GOOD PARENTING: What Parent Advocates of Trans Kids Can Teach Us
November 19, 2025
Concordia professor Kimberley Manning will be visiting UVic on November 24th and 25th for an informal meet and greet and lecture on Good Parenting: What Parent Advocates of Trans Kids Can Teach Us.
Meet and Greet:
Monday, November 24, 2025
1:00 PM - 3:00 PM PDT
UVic, Human & Social Development A300
Lecture:
Tuesday, November 25, 2025
7:00 PM - 8:30 PM PDT
Thank you to UVic's Faculty of Social Sciences
& Lansdowne for supporting this talk
& Lansdowne for supporting this talk
While much of the literature on the relationship between gender-diverse children and their parents focuses on the role caretakers play in their child’s development, fewer studies explore how parents themselves are changed by their experiences. Addressing this gap, we explored how advocacy for gender-diverse children reshapes the lives of affirming parents, fostering deeper kinship bonds and a broader understanding of human diversity and struggle.
Drawing on preliminary analysis of interviews with 62 affirming parents across Canada, we contrast the views of the parental rights movement, which seeks to control young people’s gender nonconformity, with that of affirming parents who view parenting as about relationships. We affirm the well-documented finding that parental support improves the mental health of gender-diverse youth, but also shows how affirming parents themselves experience personal growth through their advocacy. We suggest that affirming a transgender child can reflect the complexity and perspective change that characterizes a psychologically rich life, offering an alternative framework for gender-creative parenting shaped by openness, transformation and an ethic of care.

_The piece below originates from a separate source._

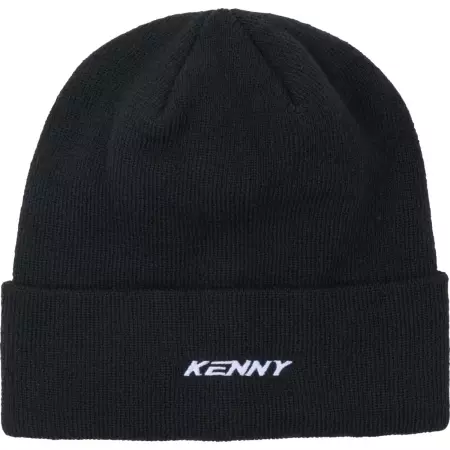 Bonnet Kenny Core Noir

Kimberley Ens Manning’s research focuses on gender and politics in the People’s Republic of China and Canada, with a particular interest in the advocacy of Canadian parents of transgender children and youth. Analyzing the relationship between gender and political institutions through the lens of family ties, Kimberley has previously published in the Canadian Journal of Political Science, Feminist Media Studies, Gender and History, and the China Quarterly, and is most recently the author of The Party Family: Revolutionary Attachments and the Gendered Origins of State Power in China (Cornell University Press, 2023). Professor of Political Science and Women’s Studies at Concordia University, Kimberley’s recent research, writing, and teaching explores how feminist leadership practices can contribute to the creation of more equitable institutions.